RECORDS FOR THIS TASK:
Segment Open

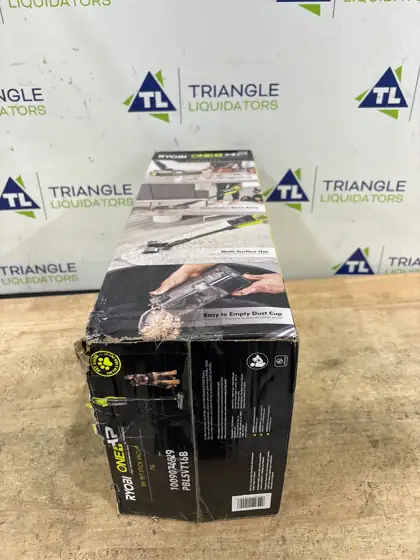 RYOBI ONE+ HP 18V Cordless… — Photo 3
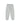 L4 C/N SPAN BASIC CARGO WIDE PANTS LIGHT GREY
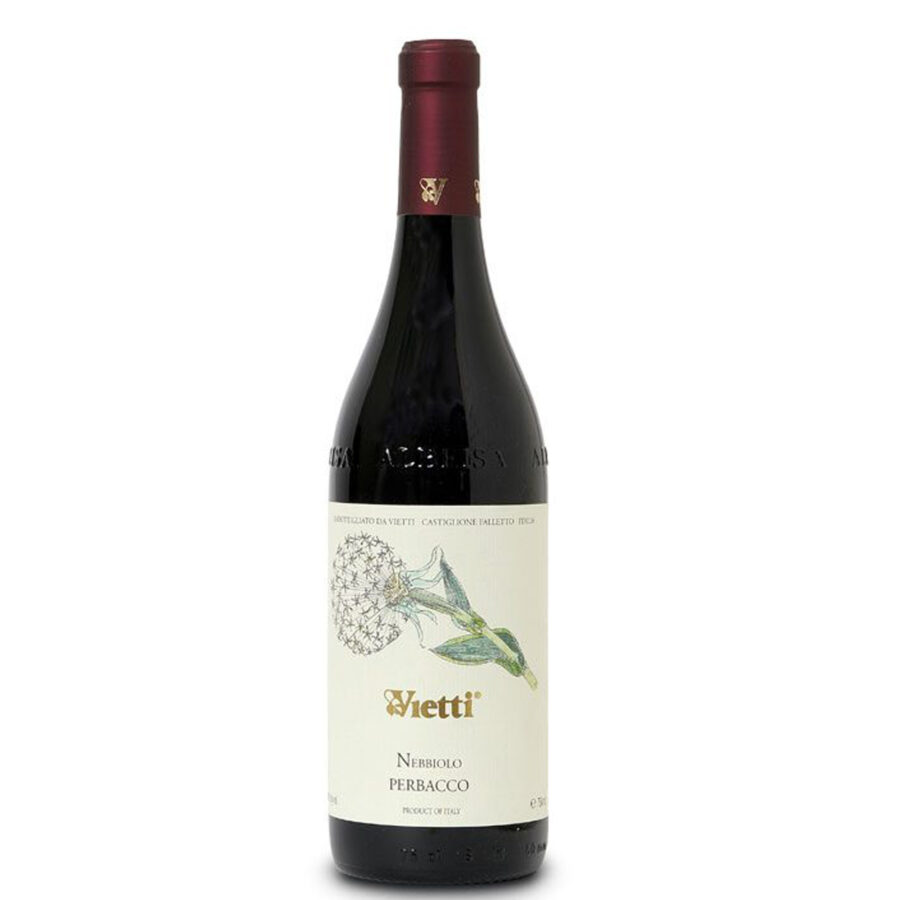 Nebbiolo Perbacco 2019 - Vietti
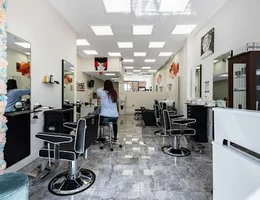 Greema's Beauty and Hair Salon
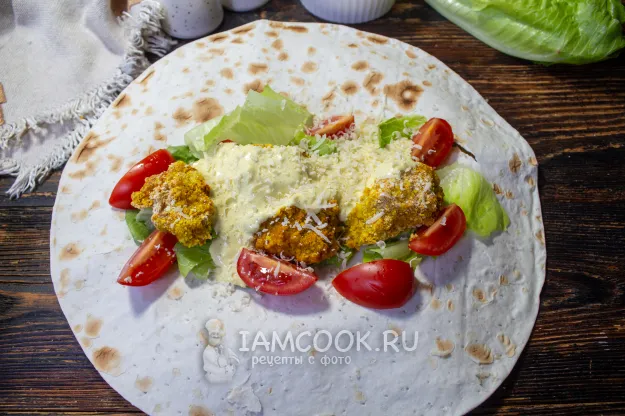 Шаг 5: иллюстрация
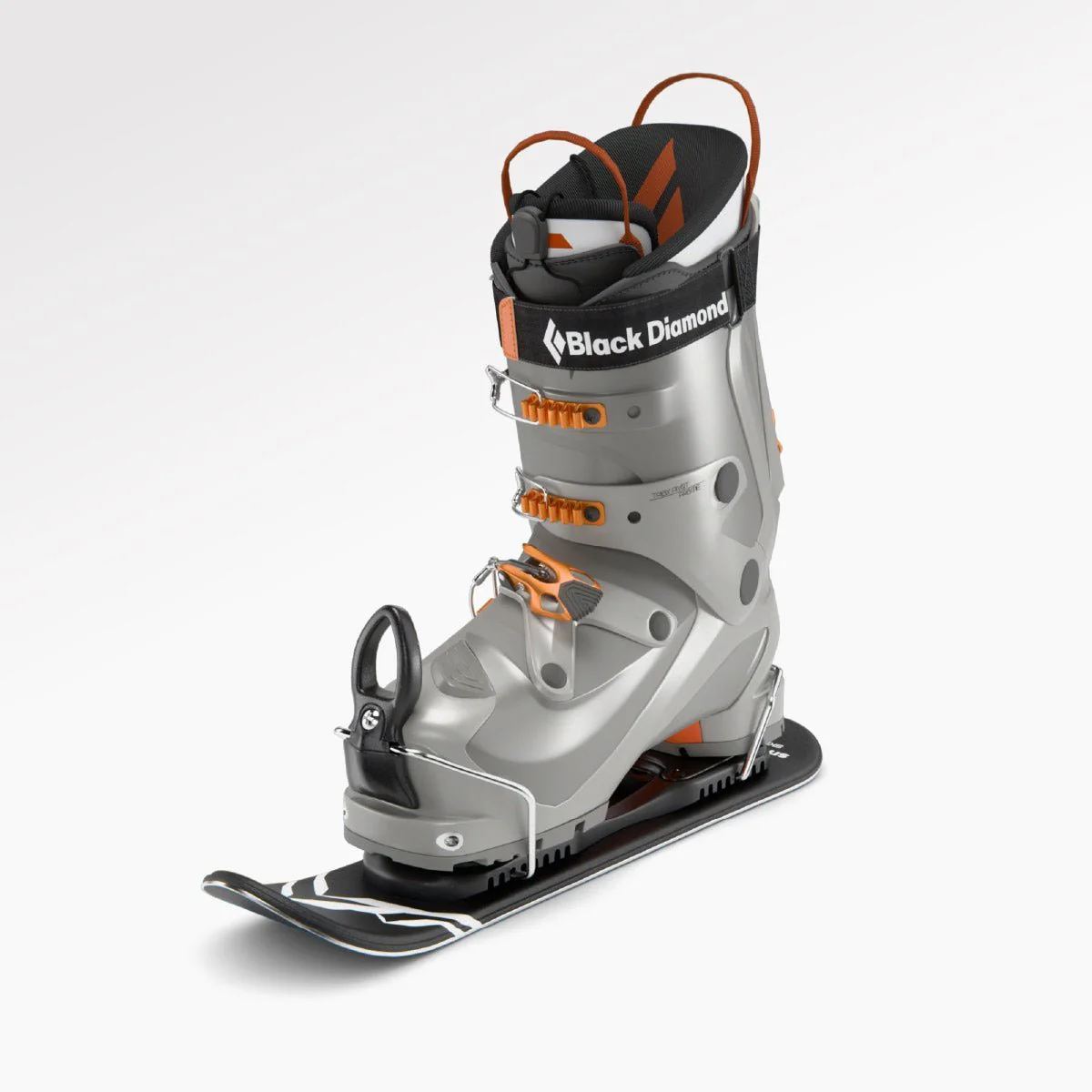 Snowfeet* | World's No.1 Short Skis - Image 21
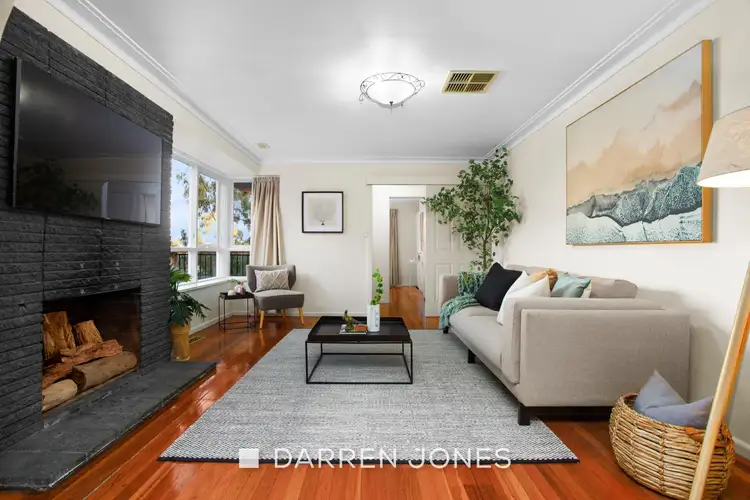 171 Hickling Avenue, Greensborough VIC 3088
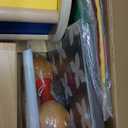 Montessori Toys for Babies 0-6 Months, 9 in 1 Learning Educational Sensory Toys for Newborn 0-3-6 Months, Includes High Contrast Cards, Baby Tissue Box Toy, Spinning Drum, Teether and More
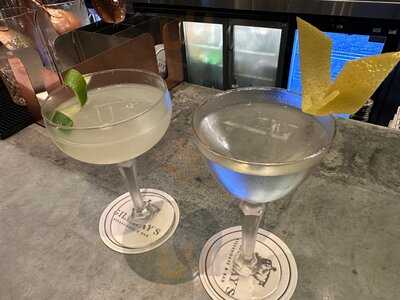 Gillray's Steakhouse & Bar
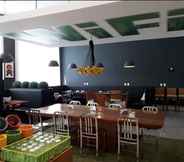 ร้านอาหาร 5 Ibis Styles Maracanau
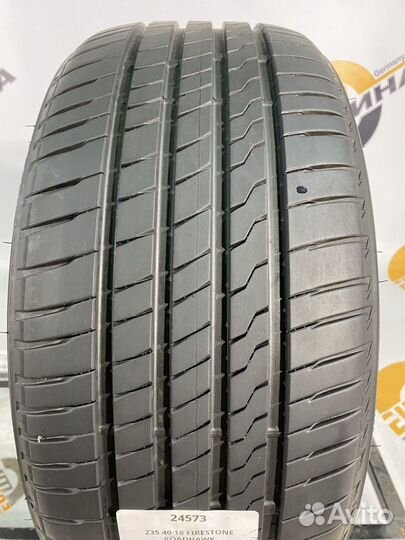 Firestone Roadhawk 235/40 R18 93Y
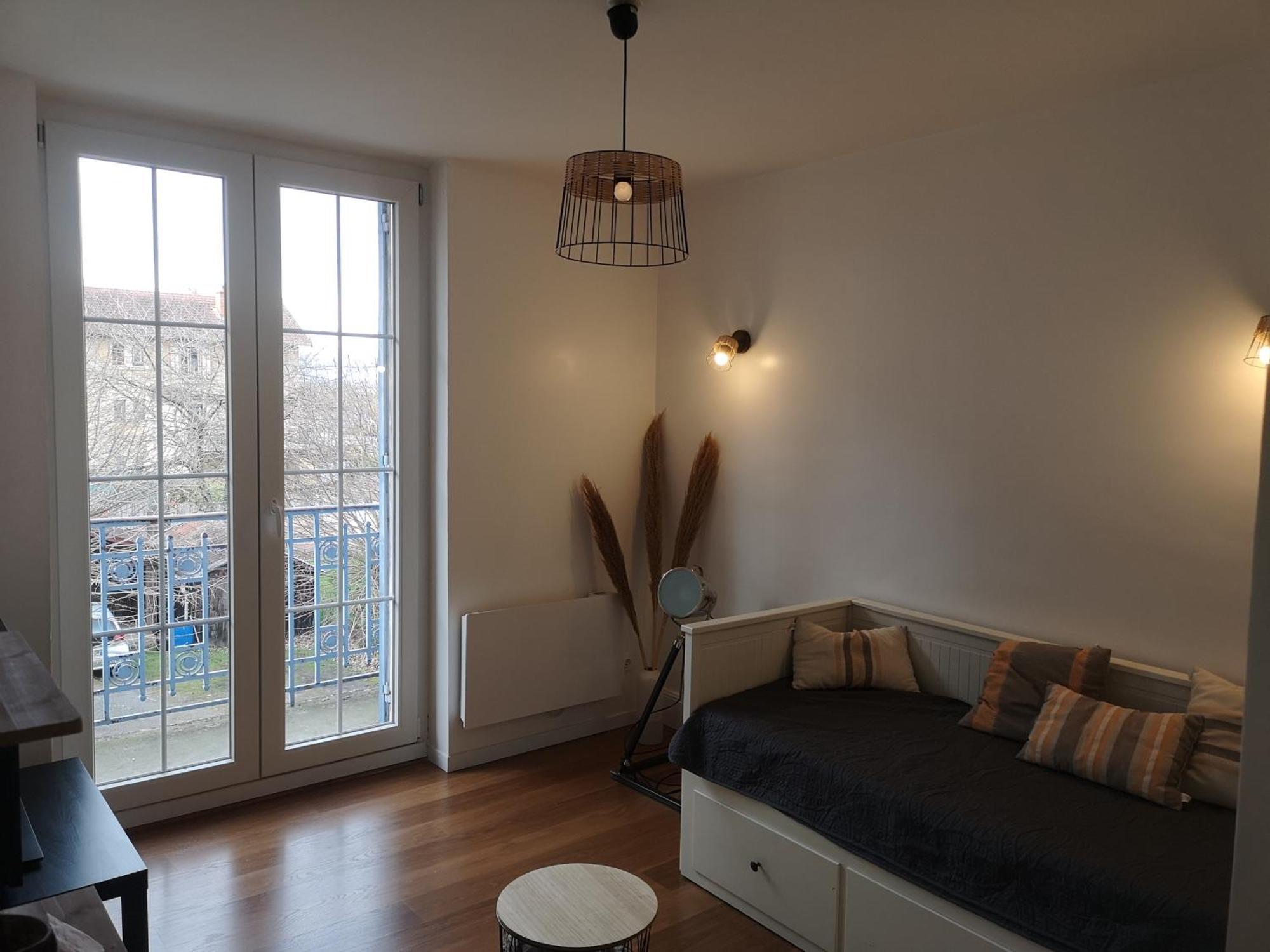 Le Cosy De Paray 4 Couchages Esterno foto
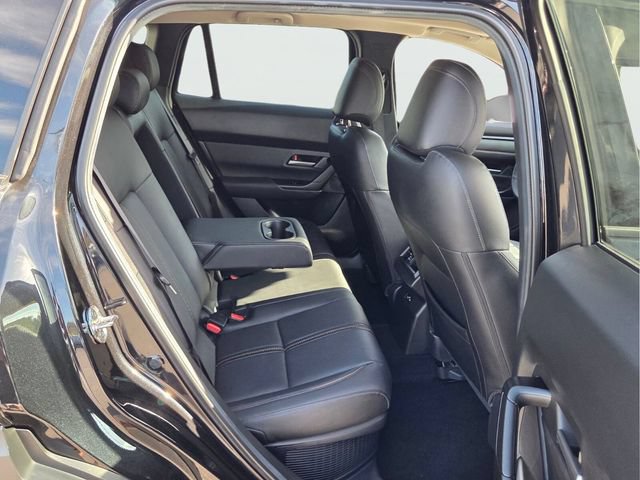 Certified 2025 MAZDA CX-50 AWD 2.5 Hybrid w/ Weather Package image 18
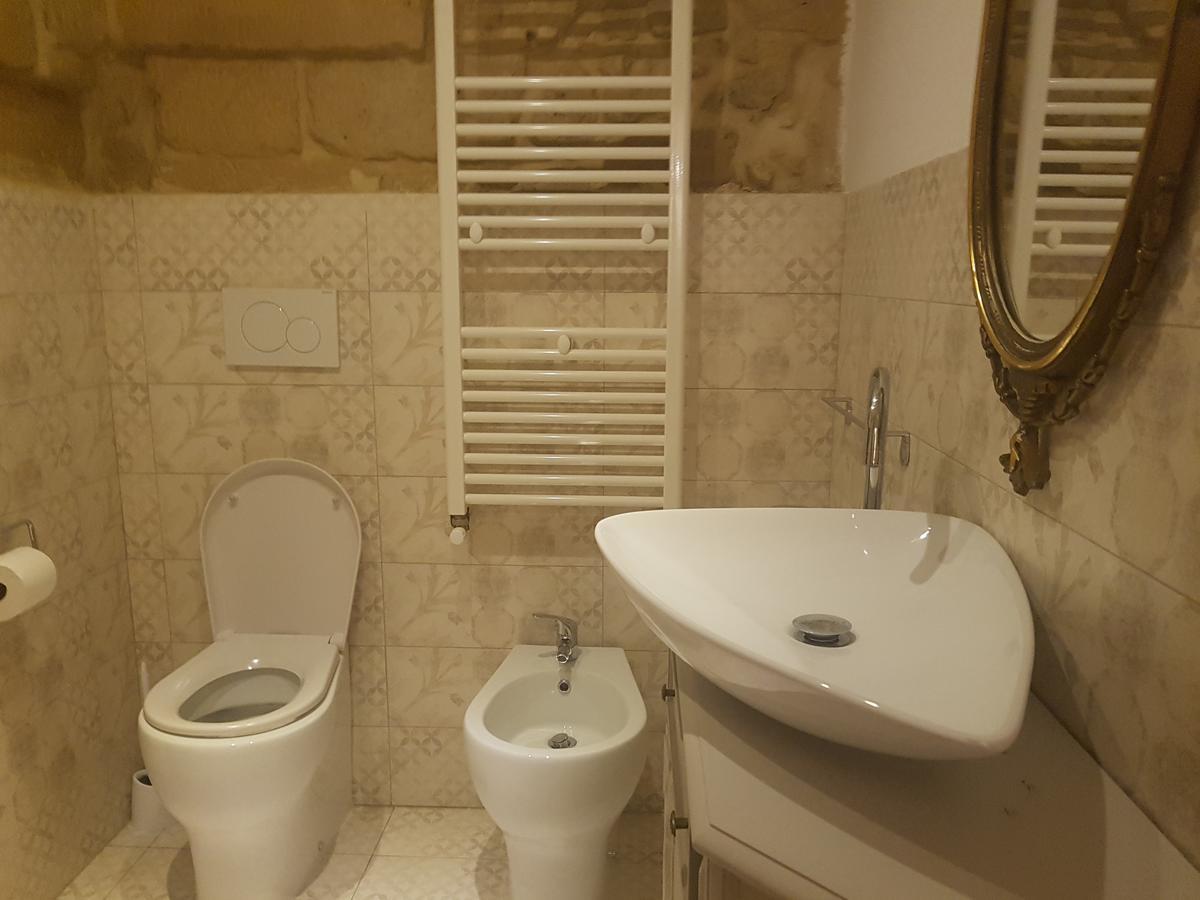 Fjore Di Lecce Buitenkant foto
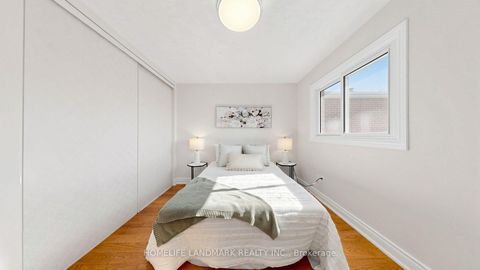 Photo 28 at 3 Montague Place, Steeles, Toronto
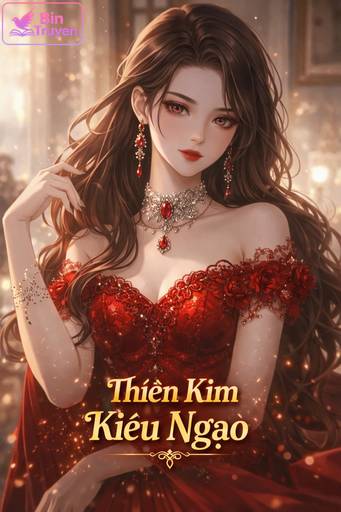 Thiên Kim Kiêu Ngạo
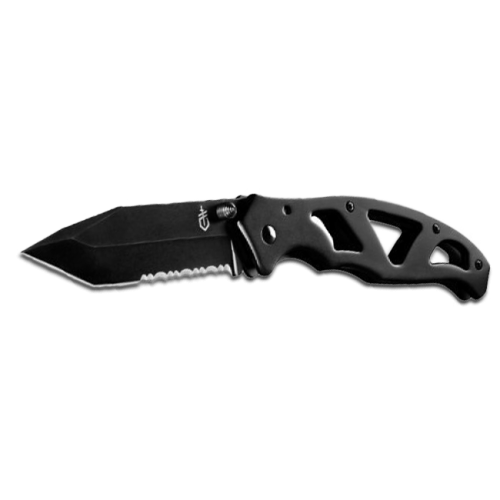 Нож Gerber Paraframe 2 Tanto Clip Folding Knife 
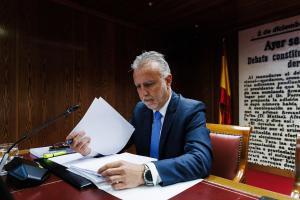 Torres reta a que alguien demuestre que ha solicitado 50.000 euros a Aldama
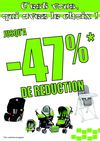 C'est vous qui avez le choix !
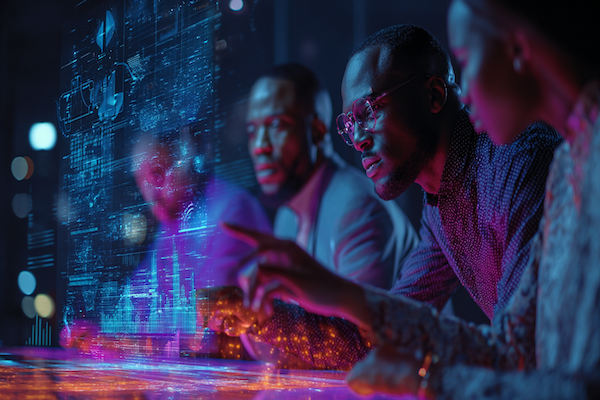 Enterprise AI Evolution
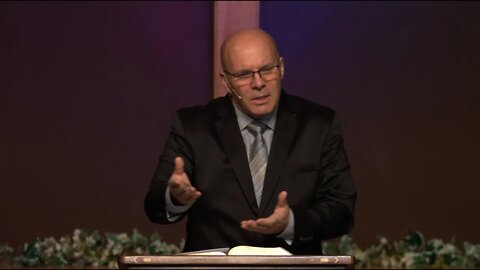 Ready, Set, Go! With Pastor Steve Nelson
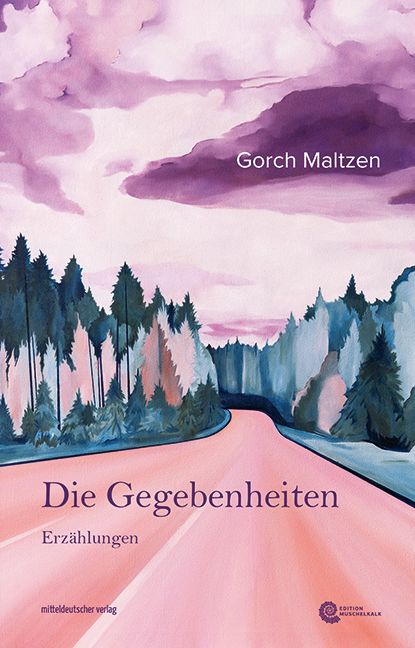 Produktbild: Die Gegebenheiten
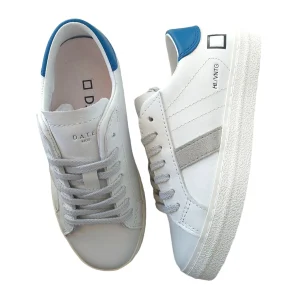 D.A.T.E. BIANCHE/BLU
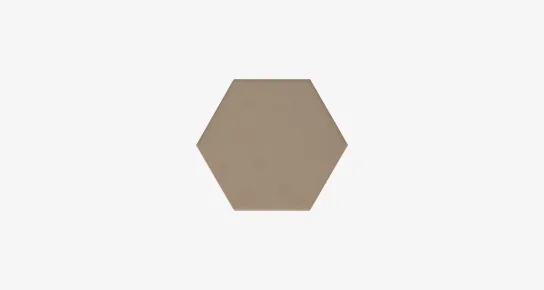 0100X0116 HEAVY DUTY-GREIGE FON MAT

Segment Closed

TASK ITEM: Transcribe only the lines from the line holding "Snowfeet* | World's" to the final line of the listing above. Keep them exact, include both ends, and skip the pictures.

COMPLETED TASK:
 Snowfeet* | World's No.1 Short Skis - Image 21
 171 Hickling Avenue, Greensborough VIC 3088
 Montessori Toys for Babies 0-6 Months, 9 in 1 Learning Educational Sensory Toys for Newborn 0-3-6 Months, Includes High Contrast Cards, Baby Tissue Box Toy, Spinning Drum, Teether and More
 Gillray's Steakhouse & Bar
 ร้านอาหาร 5 Ibis Styles Maracanau
 Firestone Roadhawk 235/40 R18 93Y
 Le Cosy De Paray 4 Couchages Esterno foto
 Certified 2025 MAZDA CX-50 AWD 2.5 Hybrid w/ Weather Package image 18
 Fjore Di Lecce Buitenkant foto
 Photo 28 at 3 Montague Place, Steeles, Toronto
 Thiên Kim Kiêu Ngạo
 Нож Gerber Paraframe 2 Tanto Clip Folding Knife 
 Torres reta a que alguien demuestre que ha solicitado 50.000 euros a Aldama
 C'est vous qui avez le choix !
 Enterprise AI Evolution
 Ready, Set, Go! With Pastor Steve Nelson
 Produktbild: Die Gegebenheiten
 D.A.T.E. BIANCHE/BLU
 0100X0116 HEAVY DUTY-GREIGE FON MAT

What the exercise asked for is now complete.